Last February, he finished chemotherapy. For the next six months, everything seemed normal. Myles returned to school and resumed his normal activities. That summer, the Make A Wish Foundation helped bring him and his family to Legoland.
But osteosarcoma is a stubborn disease, one of the few cancers that researchers haven’t made much progress on over the past few decades. Though Myles’s first tumor looked to be almost completely dead when it was removed—evidence that the chemotherapy was working well—his leg pain returned in September.
“He’d been fine. He was jumping all over the place,” said Tillman Davis. “But when he said ‘It’s hurting like before,’ that’s what signaled us.”
Scans revealed a new tumor in the same leg. Thankfully, there was no sign that the cancer had spread anywhere else in his body. But given the tumor’s location, just below his knee, the operation came with a sad consequence: Myles would have to lose his leg.
“Those decisions are never taken lightly,” said Fries. “It’s a tragedy for a child like Myles to have to go forward without his leg.”
But his parents had weighed all of the options, and knew that this was Myles’s best shot at survival. They sat down with their son and told him what was coming.
“My leg was making me sick,” he said. “I didn’t want that leg to make me sick any more. So I’m just going to get a new leg.”
In the year since his initial diagnosis, Myles’s surgeon had taken a new position at a hospital in New York City. Wanting the most continuity in his care as possible, his parents brought him there for his surgery. After the procedure, they immediately returned to Rochester so Myles could start another round of chemotherapy. His oncologists hoped that this final round would eradicate any remaining cancer cells that they couldn’t detect via scans. “We know the chemotherapy was working before, so I think any leftover cells in his body would respond,” said Fries. “We think the vascular damage in his leg may have affected blood flow, and perhaps the chemotherapy couldn’t reach the surgery site. That’s the working hypothesis, since we didn’t find it anywhere else.”
Today, scans show no signs of cancer anywhere in Myles’s body. And aside from his crutches, there are no outward signs of it, either.
On a recent Saturday, Myles bounded through the Golisano Children’s Hospital lobby, easily outpacing a photographer who was trying to take his picture. Clearly adept with his crutches, he flew around the room, ducking around corners and launching himself over the furniture. In the rare instances when he needed to catch his breath, he slowed down and posed for the lens, cracking a huge smile and breaking out into laughter.
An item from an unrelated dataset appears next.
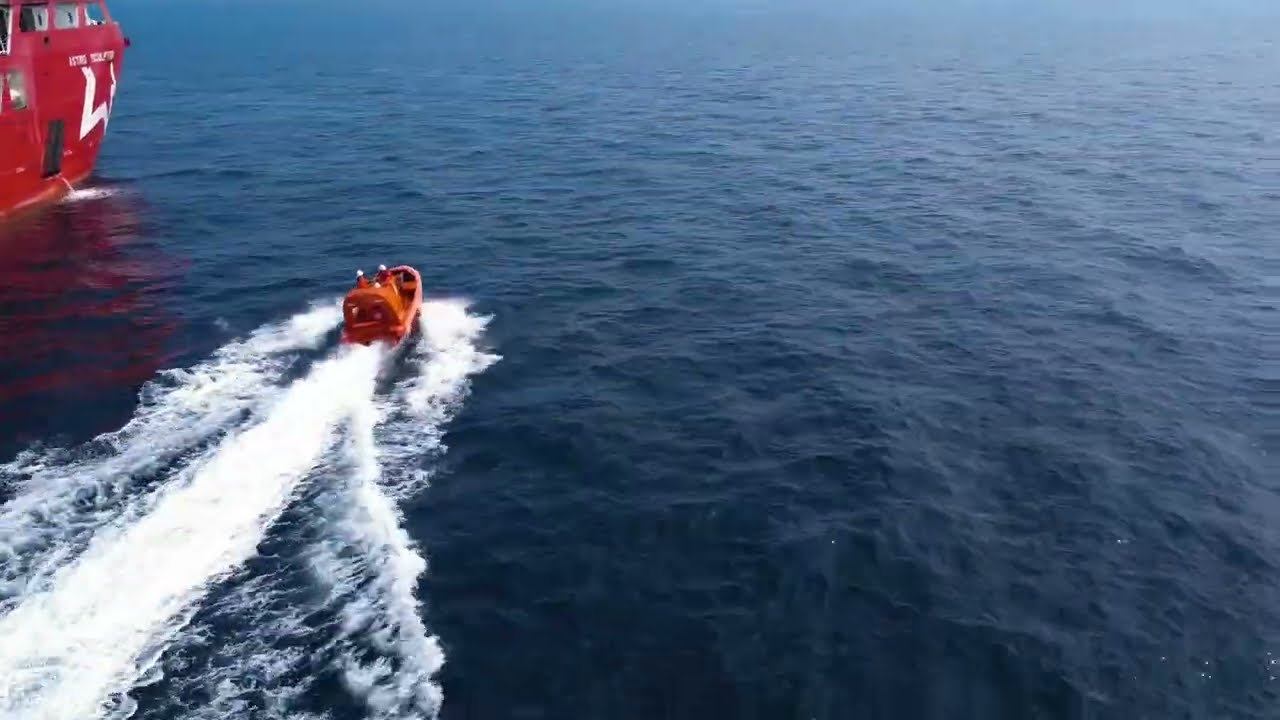 #FRC-Fast Rescue Craft #MOB #SOLAS-Approved Man Overboard Recovery#drone #offshore #ahts #DP-2 #dji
His parents know there’s a chance that the cancer could return. But they’re maintaining the same positive attitude that has helped them—and Myles—get this far.
“I just think we have a good team here. That’s why we feel comfortable,” said Tillman Davis. “We’ve felt informed the whole way, and the doctors and nurses here made us feel like part of the team. So we’re feeling very positive about it.”